Task goal:
Send back the line that contains "Black shoulder leather bag" and all lines following it through the end of the data below, exactly, omitting pictures.

Supplied data:
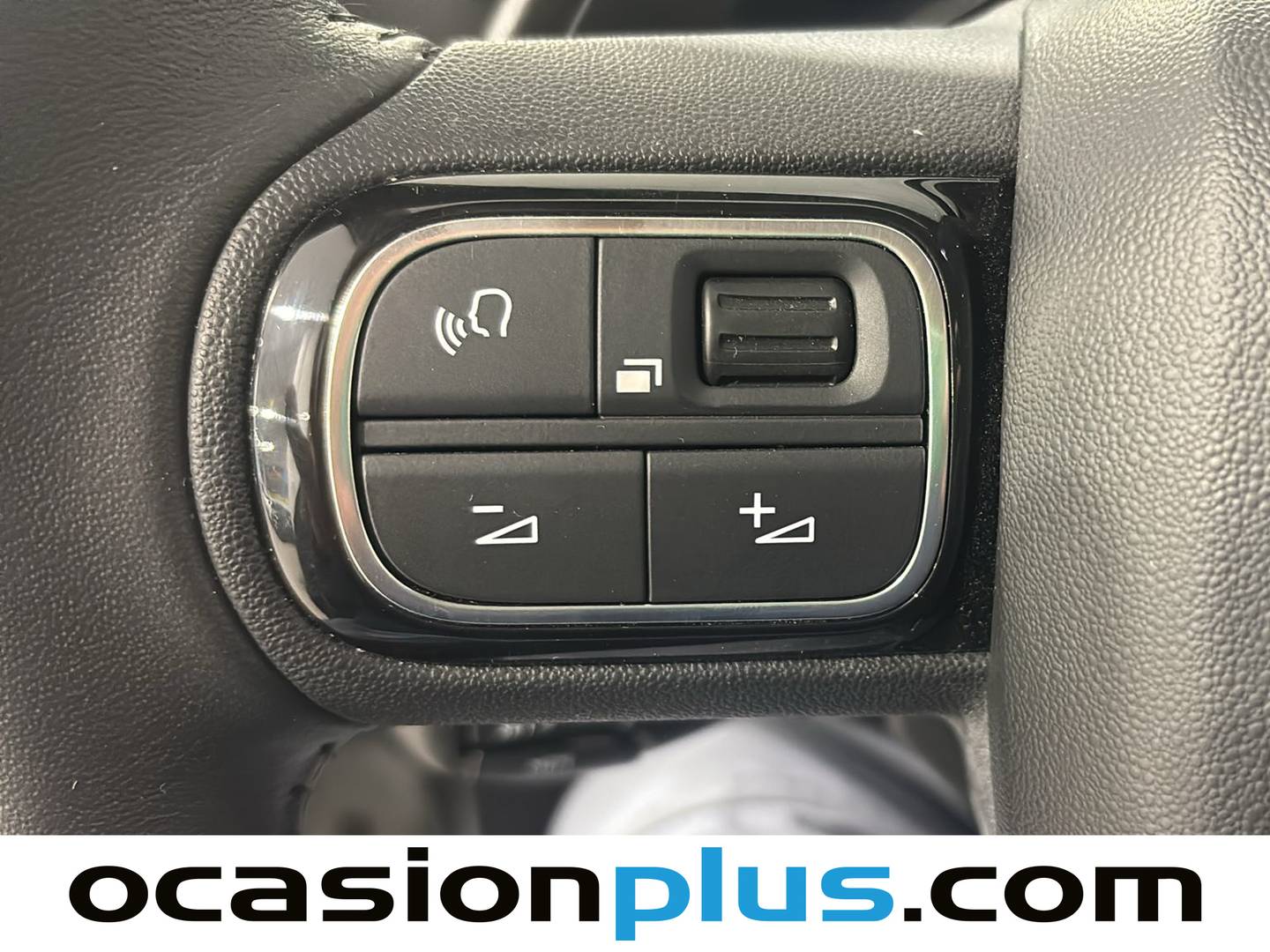 Foto Citroën C5 Aircross Hybrid Citroen C5 Aircross Hybrid 225 Feel Pack e-EAT8 (225 CV)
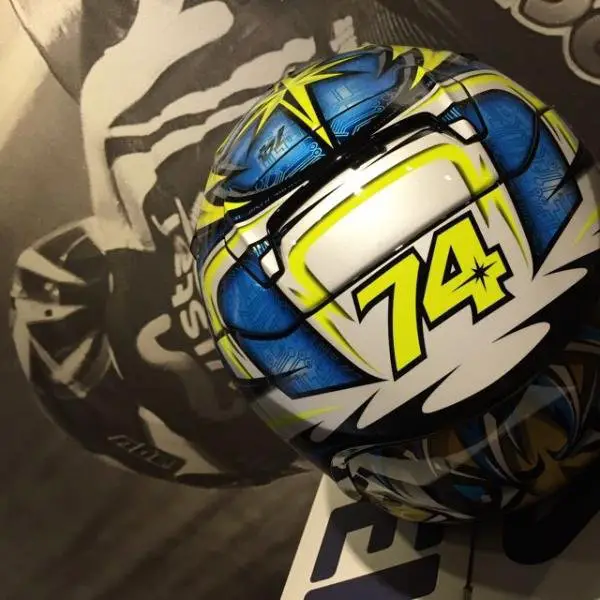 shoei_x12_memorial_dajiro_kato_1459154794_1d53b182.jpg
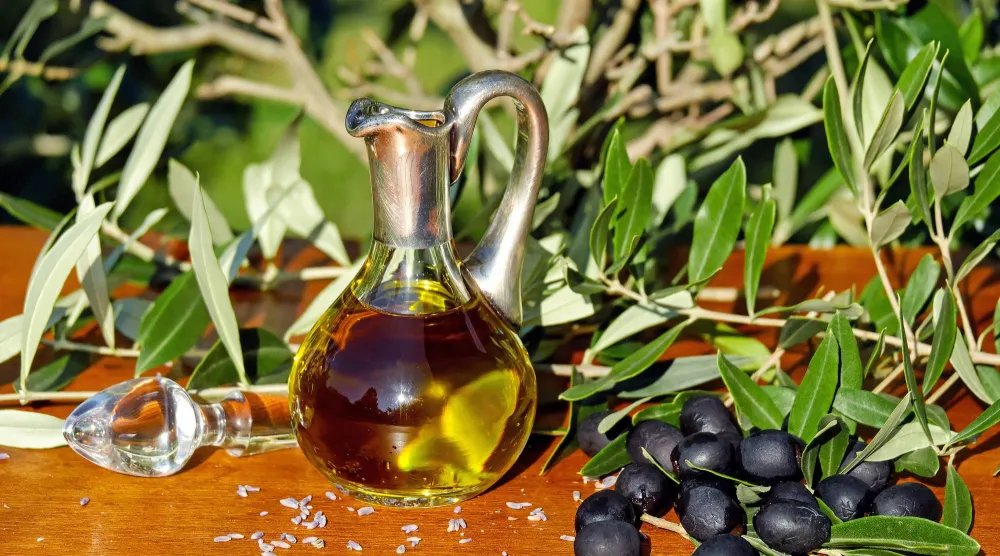 يحتوي زيت الزيتون نسبة مرتفعة من الدهون الأحادية غير المشبعة (بيكساباي)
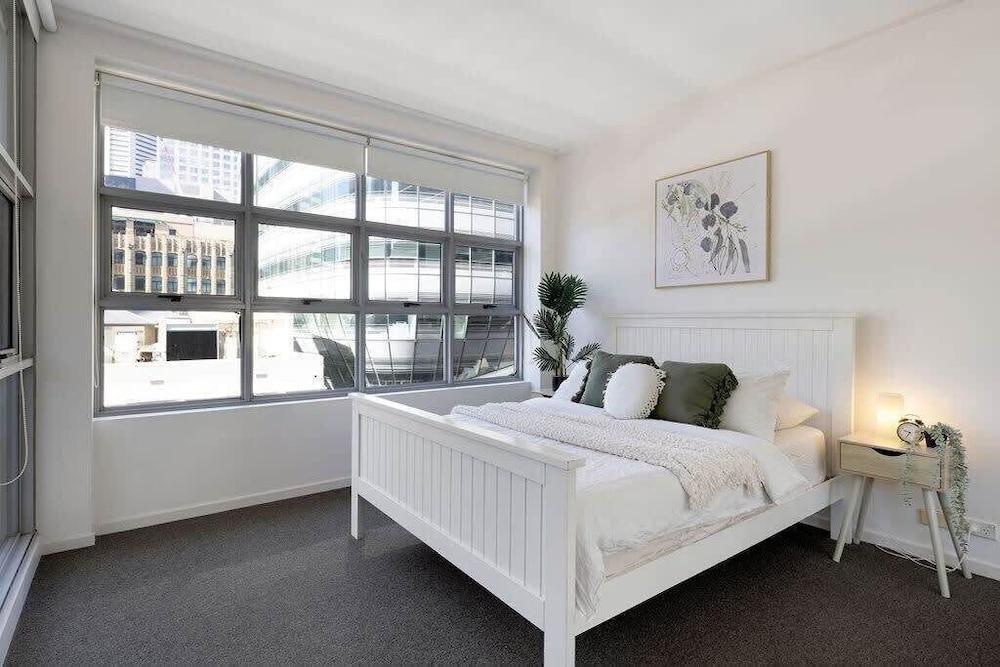 A Stylish & Bright Suite Next to Darling Harbour - Tap to explore photos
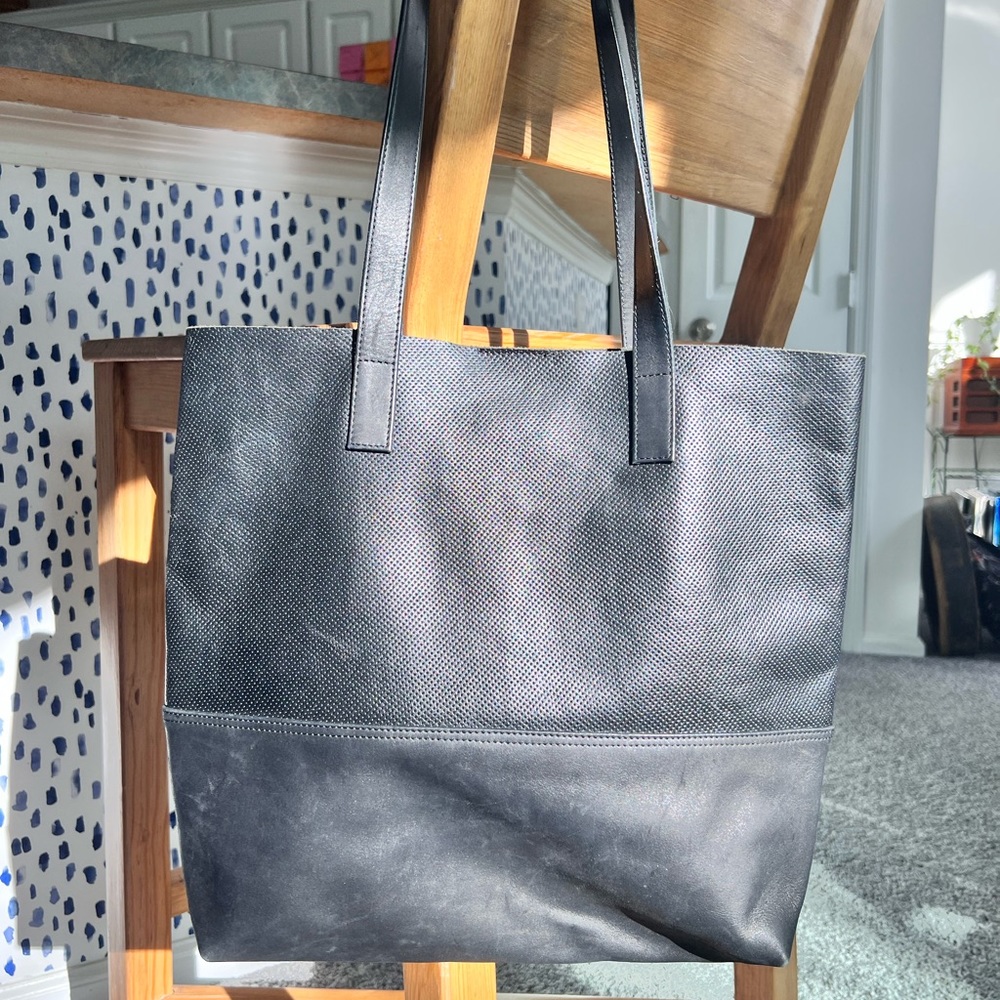 Black shoulder leather bag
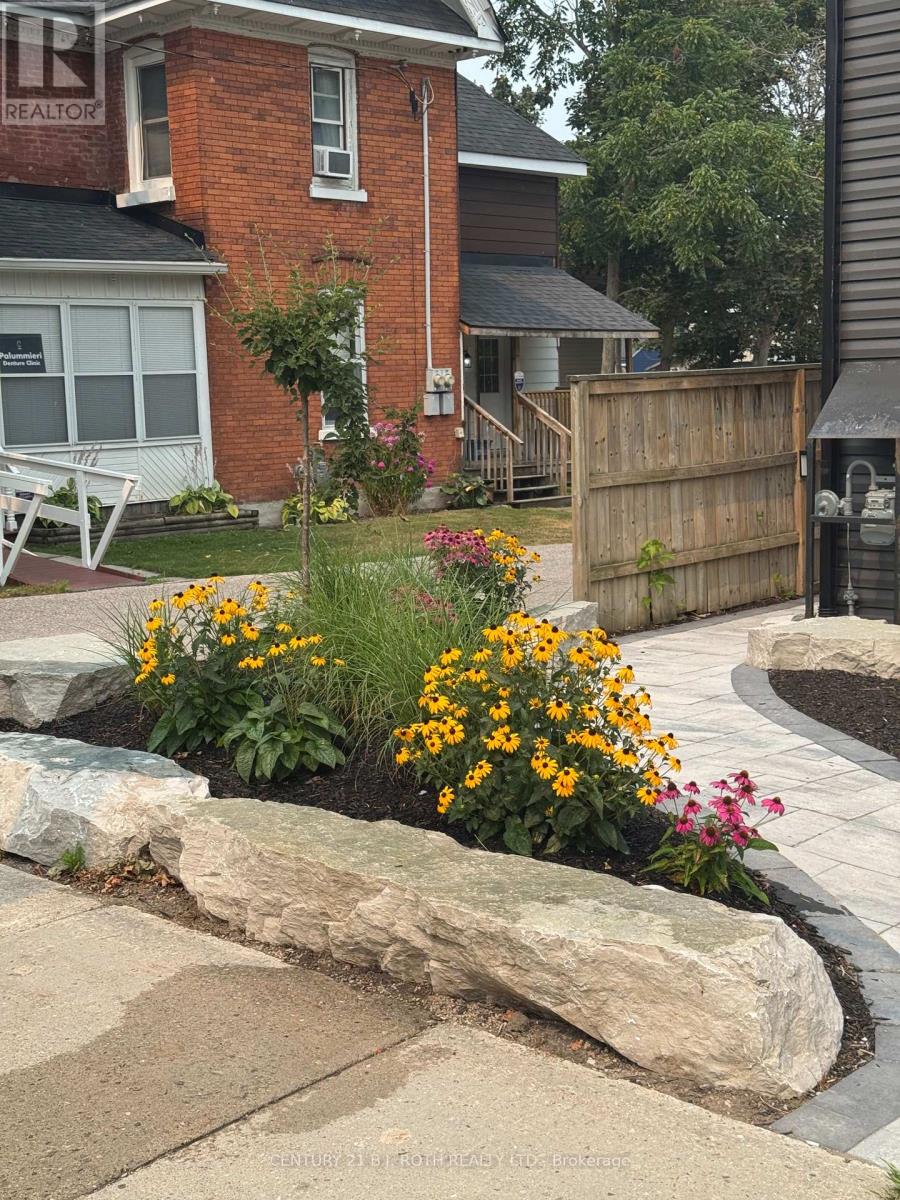 274 Mississaga Street W, Orillia, Ontario  L3V 3B8 - Photo 7 - S12627390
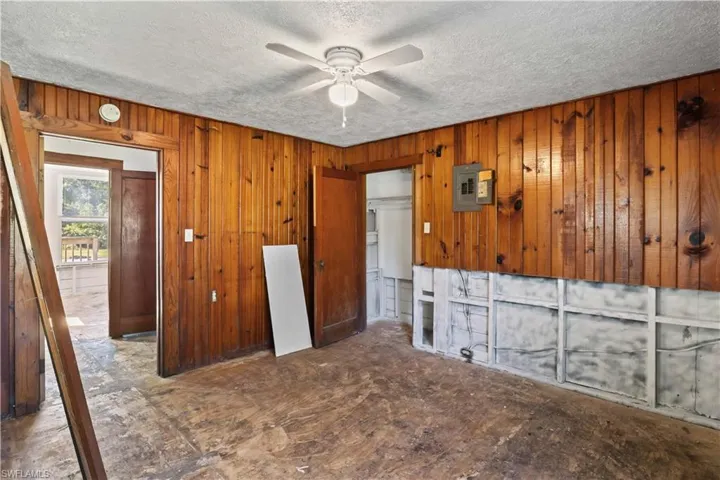 1073  River  RD, North Fort Myers, FL 33903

Response area:
 Black shoulder leather bag
 274 Mississaga Street W, Orillia, Ontario  L3V 3B8 - Photo 7 - S12627390
 1073  River  RD, North Fort Myers, FL 33903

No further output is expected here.